Grape 11: Macabeo

This week is full of grapes that won’t register in my brain if they were listed together on a sheet of paper. Macabeo is one grape that’s instrumental in every teenager’s life at the discovery of Cava but still manages to stay under the radar since it’s almost never on the label. “Cava” shows up quite a bit on the label (or the cork in this case), even though this wine isn’t a true Cava. It’s a vino de aguja aka a petullant aka a frizzante aka a fizzy wine. Not really a fully bubbly but a half bubbly, this wine has bubbles that hang around together at the surface of the wine but don’t follow the beads of bubbles that a fully fizzy wine like Champagne or a true Cava has. This one has bubbles that randomly swagger to the surface instead of following ant-like the trail of their effervescent cousins.

Taste

Enough about fizzy wine though, this Blanc Pescador wine actually has 3 grapes. The only one with 50% power is the Macabeo since the other two place around in that 25% range and won’t be mentioned. The smell on this wine isn’t the typical acidic nose of a seafood wine, which is curious with a name like “White Fisherman” (the translation of Blanc Pescador). This wine smells a lot more like peaches and full bodied fruit, even though it’s taste is that fresh and constant taste you’d want in a wine that stacks up to shellfish (PEI mussels in my case). How they managed to stuff nectarines and yuzu into this wine and keep it looking clean as a light yellow gemstone I have no idea. Nevertheless, they succeeded with this wine and even after an hour of pouring a glass there are a few bubbles undulating up to the surface. Weird.

Grape

There’s really nothing I’ve said about the grape other than it’s part of Cava but there is a fair amount about Macabeo. Like it’s name isn’t Macabeo outside of Spain – it’s Viura (scallop in Spanish, which is perhaps why they called it something else, despite it pairing well with scallops).

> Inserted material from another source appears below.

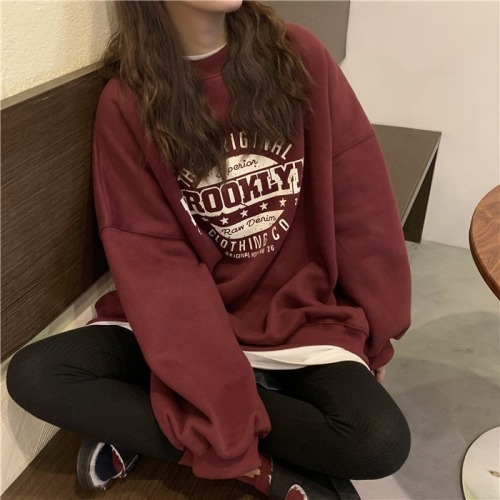 Chinese cotton composite thin 310g/plus velvet 410g autumn and winter sweatshirt for women with printed loose large size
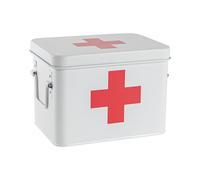 Harbour Housewares First Aid Box - 23cm - Vintage Metal Storage Box Tin Utility Organisation in White Harbour Housewares White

They grow it along the southern un-trendy part of France in Languedoc-Roussillon, in the Rioja region and south of Barcelona where the Cava fields bubble happily in the sun (at least that’s how I imagine it).

Detail Up!
Blanc Pescador by Castillo Perelada

Google Randoms
* The hottest lady in wine crushes on this “cinderella wine” in her spare time.
* This is the white wine they mostly plant in northern Spain so if you’ve ever had a White Rioja, chances are you’ve had this
* This Blanc Pescador wine made the Top 16 list of Best Vinos de Aguja. No idea who decided Top 16 was better than Top 10 or Top 20. Top 16 Wines – catchy.